Chatfeild-Roberts: Fed might not be able to cope with tightening

John Chatfeild-Roberts, head of Jupiter’s multi-manager Merlin range, has doubts over whether the Federal Reserve can successfully pull off its tightening regime.

Chatfeild-Roberts: Fed might not be able to cope with tightening
2 minutes

Exactly 10 years on from the day that BNP Paribas blocked investors from withdrawing money from three of its funds, the actions of the Federal Reserve are again being studied by investors with acute interest.

Among them, is Jupiter’s Chatfeild-Roberts, who holds the contrarian view that the global financial crisis began back in February 2007 when HSBC had to write down a huge sum on its Republic Bank over some bad US mortgages.

The real important question, said Chatfeild-Roberts, is whether the Fed will initiate quantitative tightening (QT) and if so, what will be the effects on markets?

America’s central bank has recently indicated it is thinking about changing tact, reverting from an ultra loose monetary policy to a tighter regime.

One of the first steps in this tightening process would see the central bank not reinvesting money it receives after the bonds it owns come to maturity, Chatfeild-Roberts explained.

In theory, the central bank would not reinvest in incremental amounts; $10bn in the first month, followed by $20bn in the second month, and so on.

If the Fed’s reinvestment programme goes according to plan, this “significant tightening” could bring the Fed’s $4.5trn balance sheet back down to $1trn by 2023 and could equate to 75 basis points of actual tightening within the next year, he said.

But he also thinks it is a possibility that central bankers will be unable to cope with a 20% fall in the market and implement more quantitative easing or stop tightening altogether.

“At one level, you’ve definitely got a central bank that wants to normalise,” he said.

“But the question is what is the market reaction going to be to that tightening and can the Fed cope with that?

“I don’t know, but one suspects they might not be able to.

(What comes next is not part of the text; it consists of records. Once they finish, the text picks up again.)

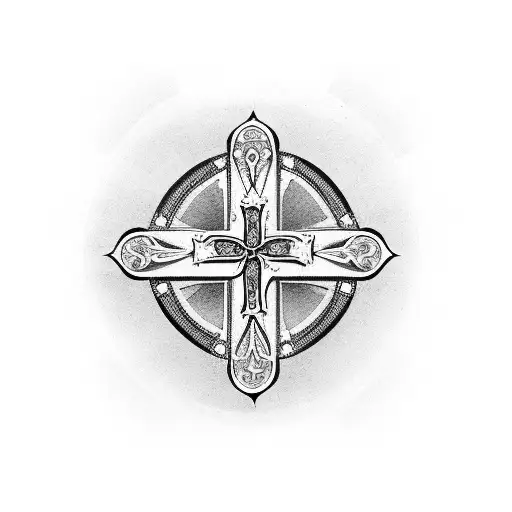 catholic cross tattoo design idea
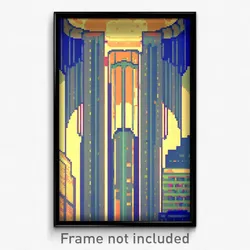 Pixel Art Poster - Mushy Metropolis (8 Bit Psychedelic Trippy Video Game Print)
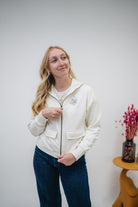 Damen Zipper-Hoodie ivory „Blumenwiese"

But one also suspects that they’re going to have a go at it.”

Tightening from the Fed would be good news for risk assets, which he thinks would become cheaper.

“Even allowing for President Trump and North Korea you would think that perhaps things ought to get a bit cheaper.”

Though there has been a great deal of discussion about the convergence of monetary policy toward normalisation across central banks, Chatfeild-Roberts reiterated that the Fed is the one to watch.

“They were the first people to do QE intellectually,” he said.

“They’ve been leading it and everyone else has been following. I have all eyes on the Fed myself.”